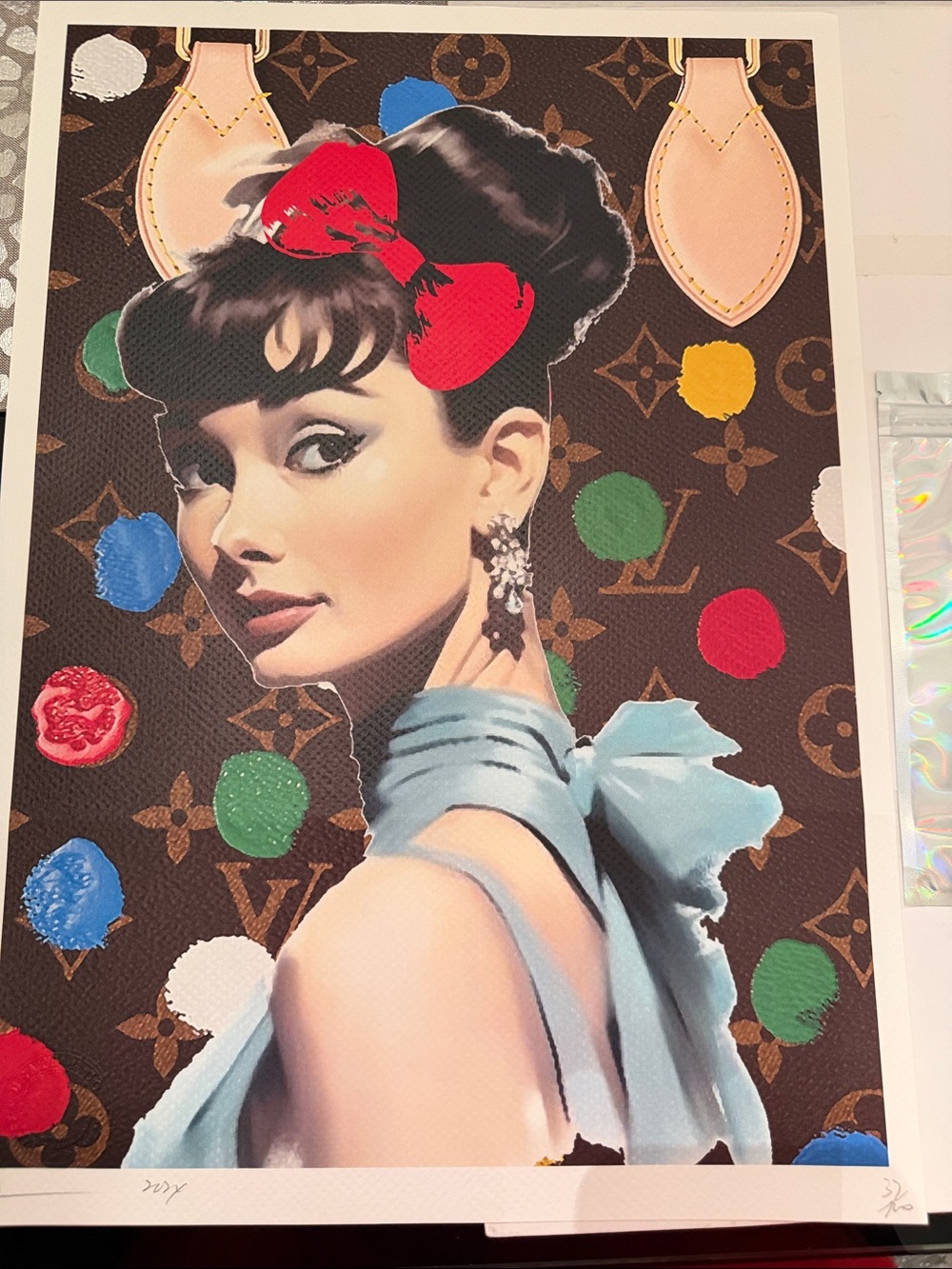 Death NYC Louis Vuitton Pop Art Audrey Hepburn Print - Brown, Red, Blue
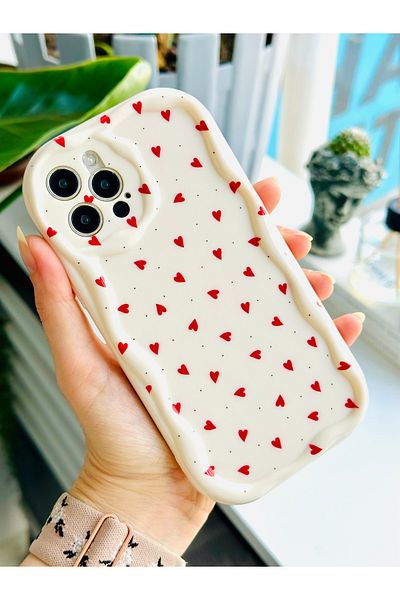 Go Aksesuar حافظة بتصميم مطبوع عليها قلوب حمراء متوافقة مع هاتف iPhone 12 و12 Pro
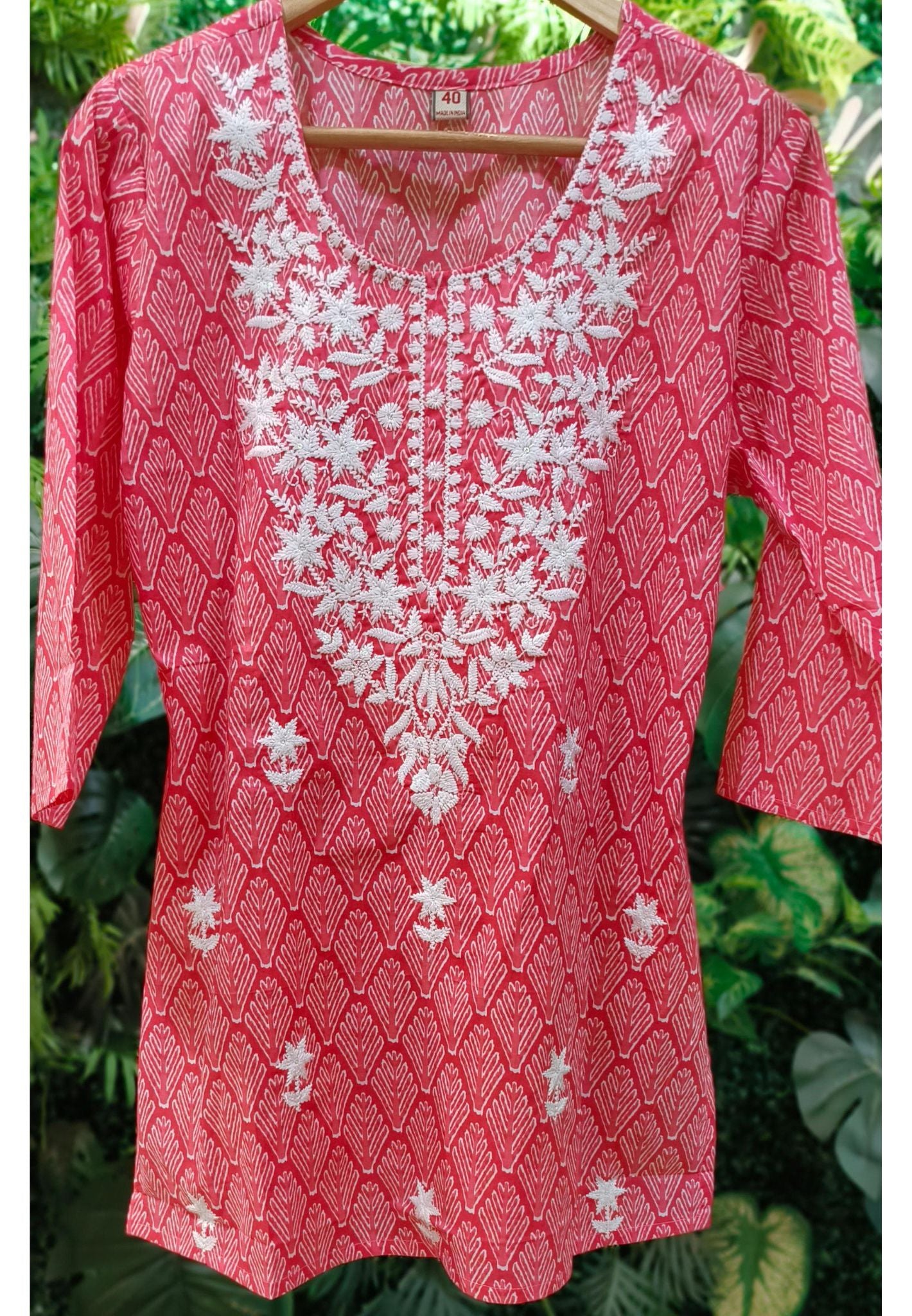 Cotton summer Floral Thread embroidery only short kurti-04637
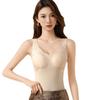 Ropa interior térmica estilo chino talla extra para mujeres de mediana edad y mayores, chaleco térmico jacquard de forro polar grueso sin costuras cómodo para mujer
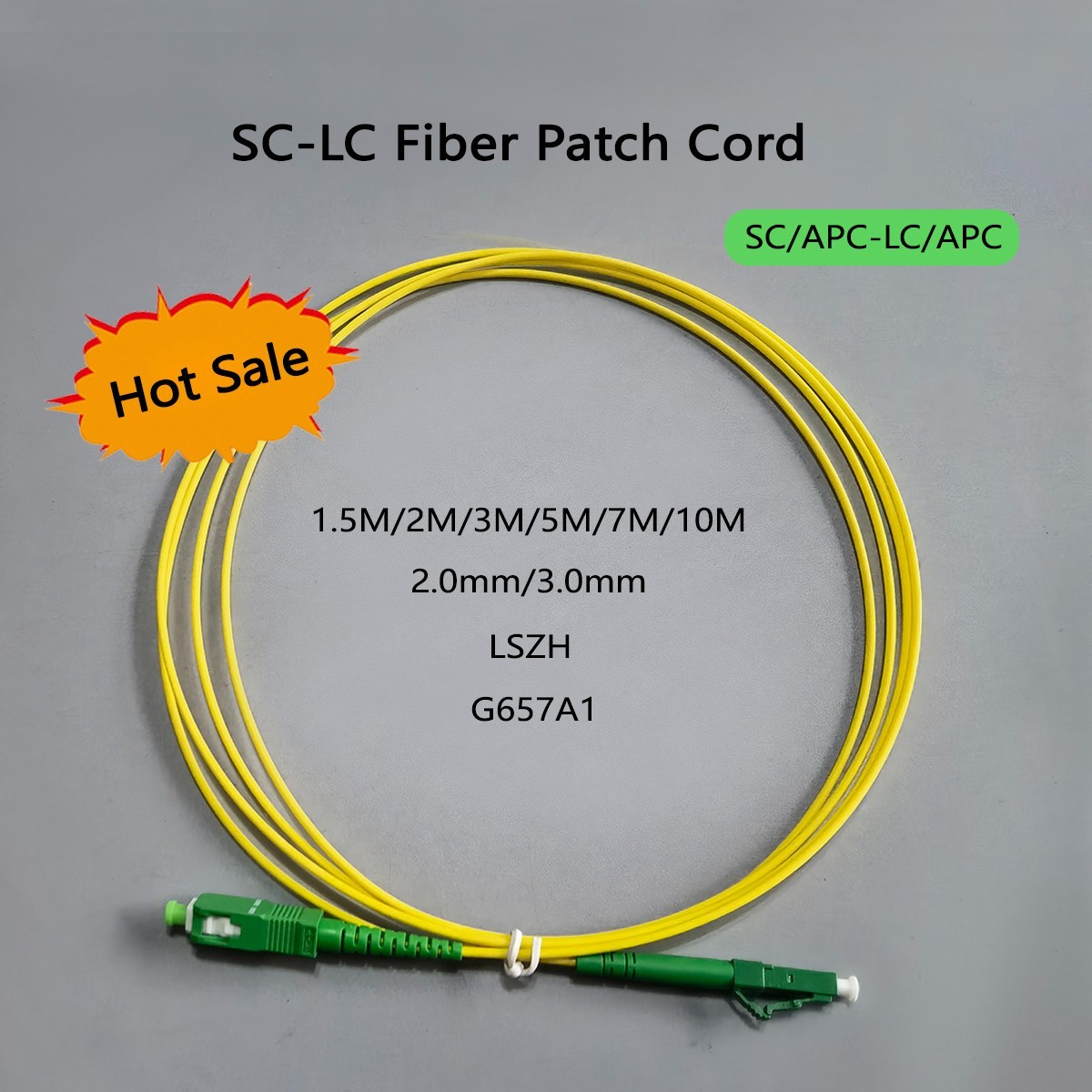 Fiber Optic Patch Cable SC/APC-LC/APC 2.0mm LSZH G657A1 Extension Cable 1.5M-10M
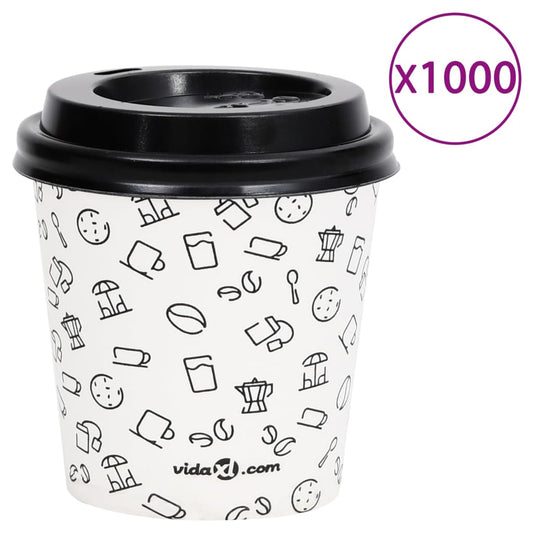 Berkfield Coffee Paper Cups with Lids 120 ml 1000 pcs White and Black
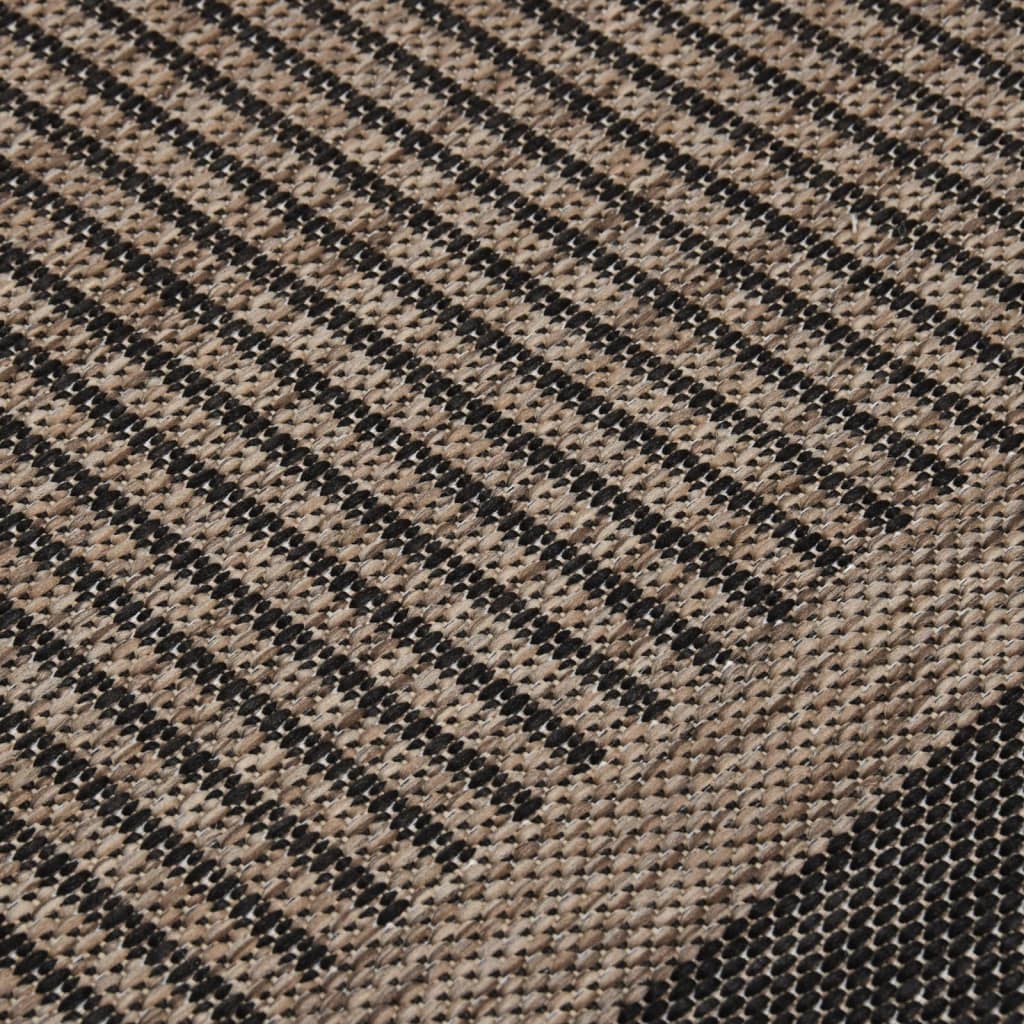 Outdoor-Teppich Flachgewebe 100x200 cm Dunkelbraun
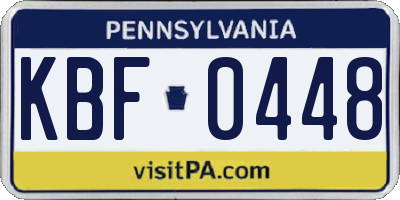PA license plate KBF0448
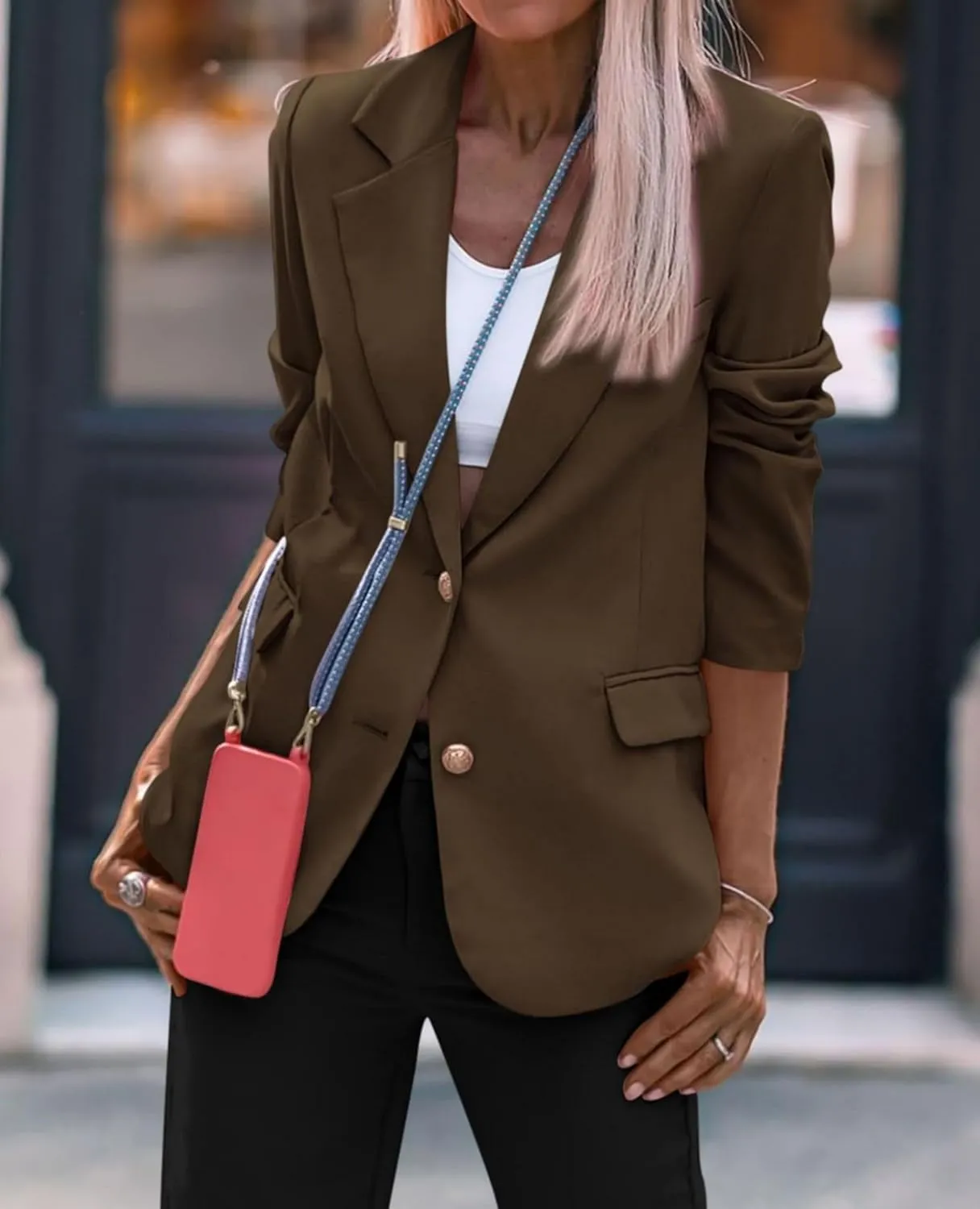 Casual Blazers for Women 2024 Fall Business Long Sleeve Notch Lapel Trendy Work Office Blazer Jackets Outerwear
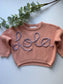 Personalised Hand Embroidered Knit | Sorbet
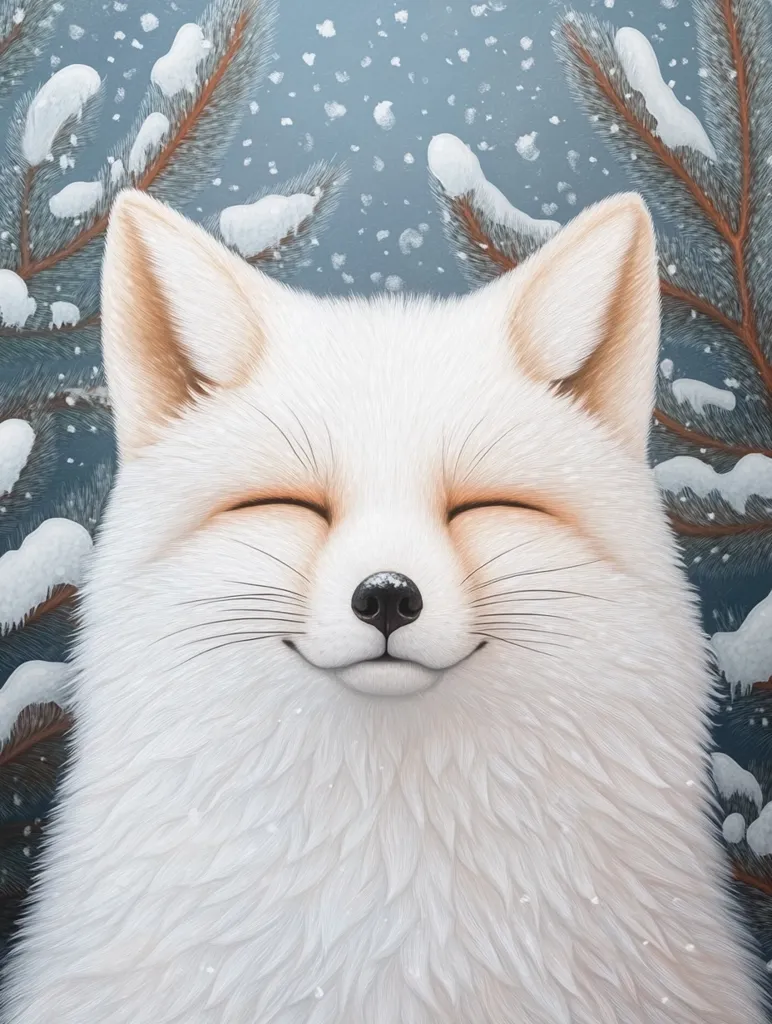 Here's a description of the image:

The illustration depicts a charming arctic fox, its eyes gently closed in a serene smile.  The fox's fur is luxuriously white and fluffy, contrasting beautifully with the muted blue background.  Snow-dusted pine branches frame the fox, adding to the wintery ambiance.  Light snow falls gently, creating a peaceful and whimsical atmosphere. The style is painterly, emphasizing texture and soft lighting, giving the image an overall cozy and heartwarming feel.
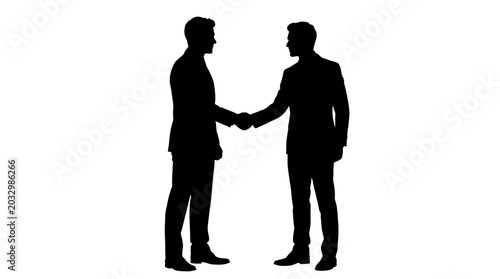 Φωτογραφία Two businesspeople shaking hands black silhouette on white background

★ ★ ★

(Your instructions):
Return, exactly as they stand, the lines above from the one with "Personalised Hand Embroidered Knit | Sorbet" to the one with "Here's a description", omitting any pictures among them.

(Result of this task):
 Personalised Hand Embroidered Knit | Sorbet
 Here's a description of the image:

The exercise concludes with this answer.